Michael Kaase Aondoakaa was born in Benue on 12 June 1962. He went to school at Mount Saint Gabriel's Secondary School Makurdi and upon graduation was admitted into the Faculty of Law, University of Maiduguri where he  obtained his LL.B Certificate. He became a senior partner of a law firm for 18 years.

While helping two of his friends, Ogiri Ajene, former deputy governor of Benue State and Professor Daniel Saror to secure nomination for ministerial appointment, he was invited to meet President Umaru Musa Yar'Adua, and during the interview was offered the post of Attorney General until February 10, 2010 when he was removed in controversial circumstances by the Acting President Goodluck Jonathan.

Attorney general

He was appointed Minister of Justice on 26 July 2007. He was a member of a sub-committee to review the report of Justice Mohammed Uwais committee on electoral reform.
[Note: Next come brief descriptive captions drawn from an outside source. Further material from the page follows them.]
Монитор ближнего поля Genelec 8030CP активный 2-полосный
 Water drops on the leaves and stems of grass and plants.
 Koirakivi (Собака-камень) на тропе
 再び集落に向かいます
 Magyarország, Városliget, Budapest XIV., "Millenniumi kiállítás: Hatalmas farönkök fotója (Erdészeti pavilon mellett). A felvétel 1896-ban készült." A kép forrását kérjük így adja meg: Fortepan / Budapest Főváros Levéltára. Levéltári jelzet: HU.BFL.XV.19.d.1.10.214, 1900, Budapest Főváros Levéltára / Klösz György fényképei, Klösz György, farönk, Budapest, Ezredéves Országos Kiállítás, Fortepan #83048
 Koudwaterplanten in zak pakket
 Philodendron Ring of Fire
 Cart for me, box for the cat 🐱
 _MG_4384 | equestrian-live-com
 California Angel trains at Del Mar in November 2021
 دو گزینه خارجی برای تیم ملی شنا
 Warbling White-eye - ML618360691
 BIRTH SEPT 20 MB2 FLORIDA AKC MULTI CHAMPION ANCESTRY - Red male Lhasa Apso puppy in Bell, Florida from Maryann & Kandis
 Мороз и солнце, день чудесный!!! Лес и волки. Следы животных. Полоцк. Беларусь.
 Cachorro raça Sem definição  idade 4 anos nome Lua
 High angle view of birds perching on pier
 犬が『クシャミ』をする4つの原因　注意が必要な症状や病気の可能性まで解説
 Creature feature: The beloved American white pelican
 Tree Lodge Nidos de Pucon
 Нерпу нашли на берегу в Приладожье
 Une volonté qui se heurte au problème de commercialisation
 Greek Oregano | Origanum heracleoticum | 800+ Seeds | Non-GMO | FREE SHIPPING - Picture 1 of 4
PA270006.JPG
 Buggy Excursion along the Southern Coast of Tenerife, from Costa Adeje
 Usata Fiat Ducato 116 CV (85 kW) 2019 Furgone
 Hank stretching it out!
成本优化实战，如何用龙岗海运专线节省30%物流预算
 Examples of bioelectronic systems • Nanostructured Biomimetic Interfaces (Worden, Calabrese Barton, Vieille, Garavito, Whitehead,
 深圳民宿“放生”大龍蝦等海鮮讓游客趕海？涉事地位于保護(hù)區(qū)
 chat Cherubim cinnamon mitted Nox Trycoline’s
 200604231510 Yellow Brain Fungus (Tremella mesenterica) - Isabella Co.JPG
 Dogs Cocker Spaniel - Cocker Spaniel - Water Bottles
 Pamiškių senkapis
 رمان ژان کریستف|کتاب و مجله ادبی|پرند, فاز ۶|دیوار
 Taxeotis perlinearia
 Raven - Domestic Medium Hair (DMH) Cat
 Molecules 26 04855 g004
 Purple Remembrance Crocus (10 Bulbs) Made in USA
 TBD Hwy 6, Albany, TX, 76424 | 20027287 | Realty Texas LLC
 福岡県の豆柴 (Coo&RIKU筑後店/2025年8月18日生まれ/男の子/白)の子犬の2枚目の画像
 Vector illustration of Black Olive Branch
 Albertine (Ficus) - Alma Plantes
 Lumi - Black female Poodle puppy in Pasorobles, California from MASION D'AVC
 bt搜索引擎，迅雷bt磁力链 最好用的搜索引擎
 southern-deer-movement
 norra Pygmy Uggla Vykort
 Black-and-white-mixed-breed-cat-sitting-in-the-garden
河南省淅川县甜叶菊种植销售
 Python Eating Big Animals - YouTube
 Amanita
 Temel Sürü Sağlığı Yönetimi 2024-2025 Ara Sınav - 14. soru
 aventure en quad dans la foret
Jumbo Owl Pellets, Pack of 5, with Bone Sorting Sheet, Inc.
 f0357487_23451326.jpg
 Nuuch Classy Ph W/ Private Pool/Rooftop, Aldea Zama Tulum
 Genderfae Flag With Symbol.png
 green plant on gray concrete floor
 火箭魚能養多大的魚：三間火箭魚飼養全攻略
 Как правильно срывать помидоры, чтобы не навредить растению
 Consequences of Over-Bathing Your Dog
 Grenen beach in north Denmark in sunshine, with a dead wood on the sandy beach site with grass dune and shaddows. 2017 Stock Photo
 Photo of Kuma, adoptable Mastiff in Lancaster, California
The sub-committee assisted in producing a white paper which sparked controversy because it reversed some recommendations of the Uwais committee. It recommended that the President continue to appoint the chairman of Independent National Electoral Commission (INEC), among other changes.

He opposed sacking Maurice Iwu, chairman of INEC, despite criticism of Iwu's conduct of the 2007 elections. He objected to the dissolution of local governments in Ondo State by Olusegun Mimiko, the new governor, although a High Court in Ondo supported the action.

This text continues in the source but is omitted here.